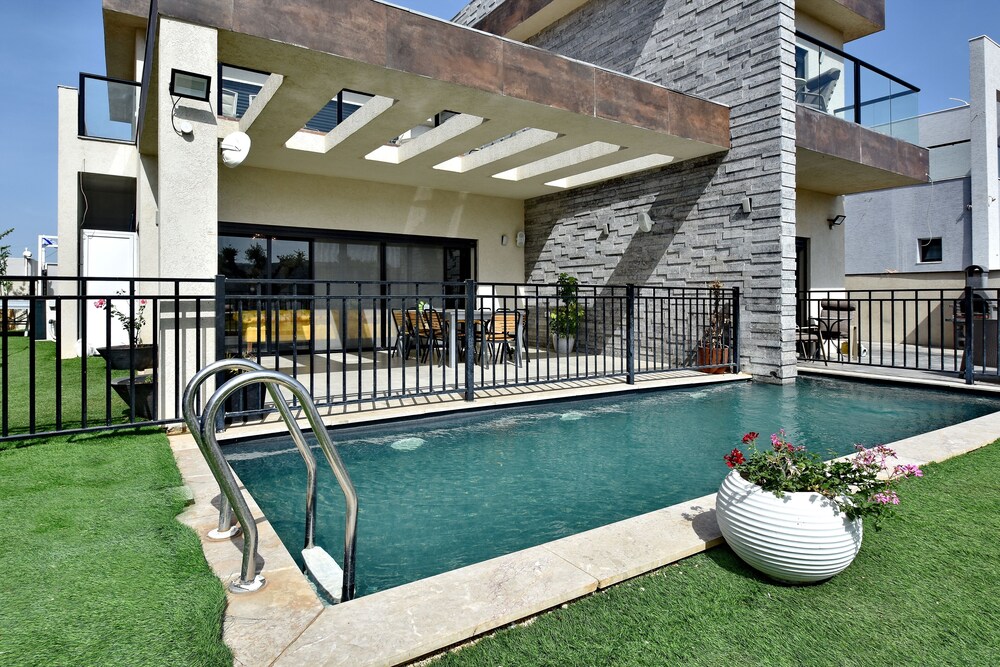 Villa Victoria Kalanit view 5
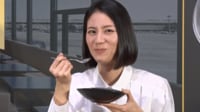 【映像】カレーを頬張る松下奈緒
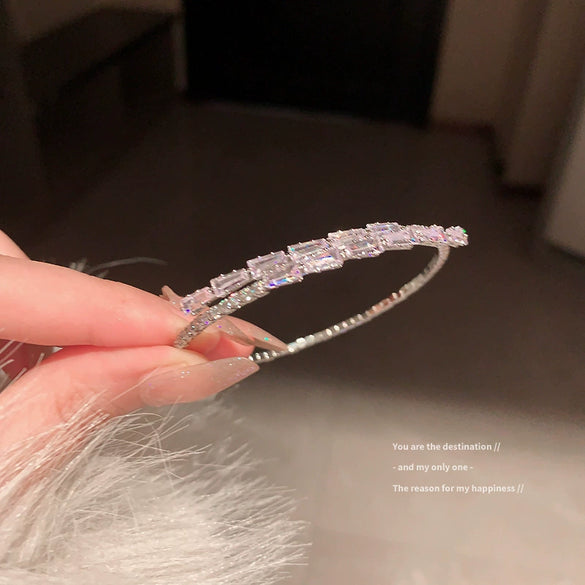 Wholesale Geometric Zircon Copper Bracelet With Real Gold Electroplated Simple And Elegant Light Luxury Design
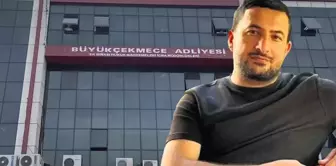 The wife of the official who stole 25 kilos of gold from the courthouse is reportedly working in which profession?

----------------------------------------

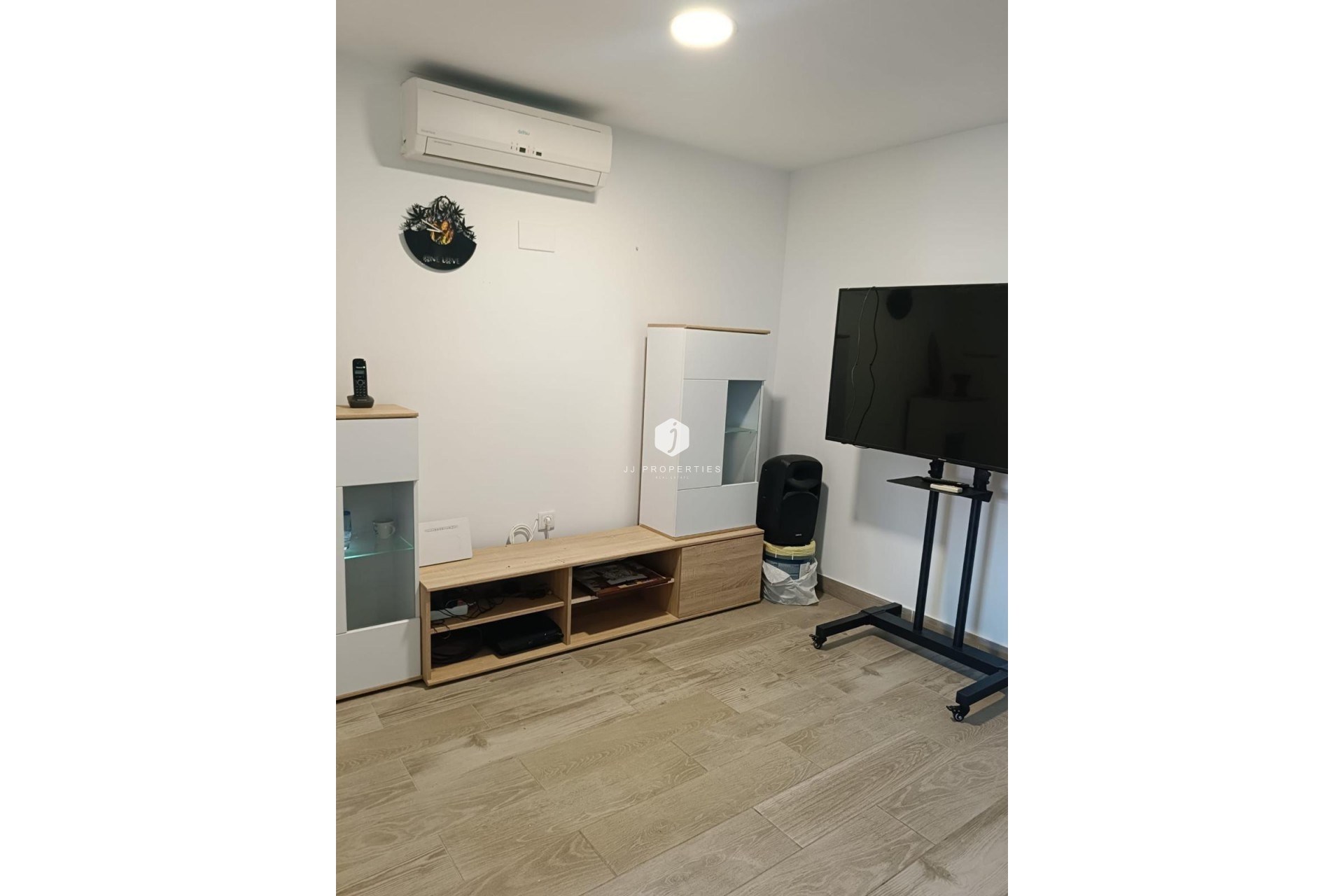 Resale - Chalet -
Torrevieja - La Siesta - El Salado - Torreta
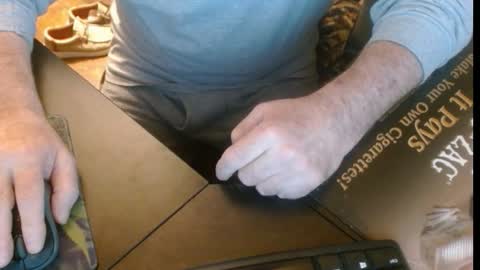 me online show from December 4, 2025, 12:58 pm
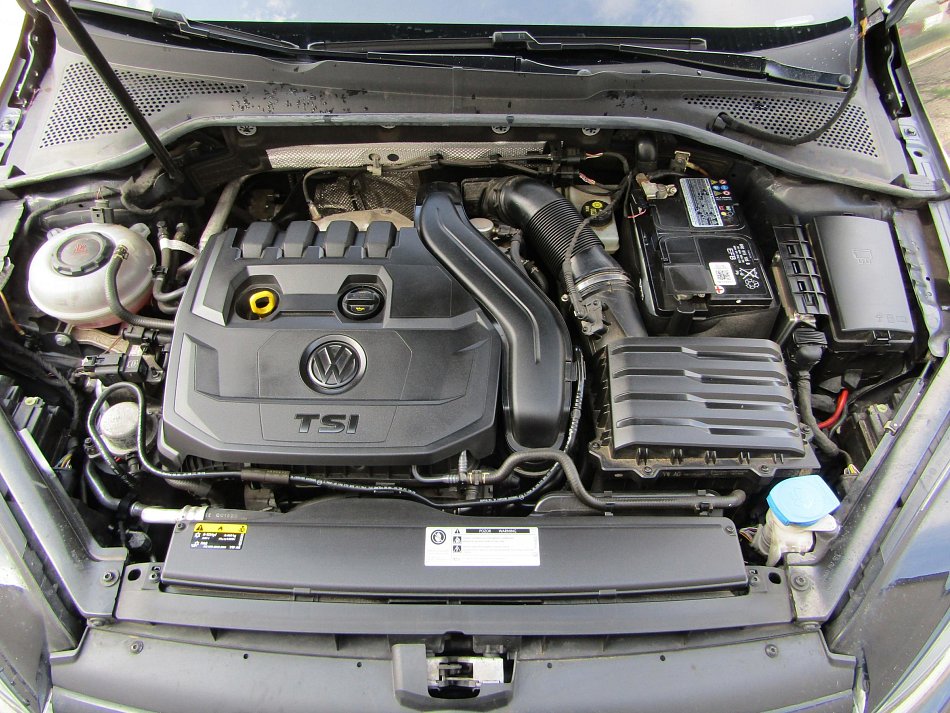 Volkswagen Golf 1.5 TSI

----------------------------------------

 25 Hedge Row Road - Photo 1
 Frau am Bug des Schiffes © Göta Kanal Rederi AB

----------------------------------------

> Exercise directions
Your answer must be the lines above from the one holding "Resale - Chalet" up to and including the one holding "Volkswagen Golf 1.5 TSI", exact and with no pictures.

> Answer to the problem
 Resale - Chalet -
Torrevieja - La Siesta - El Salado - Torreta
 me online show from December 4, 2025, 12:58 pm
 Volkswagen Golf 1.5 TSI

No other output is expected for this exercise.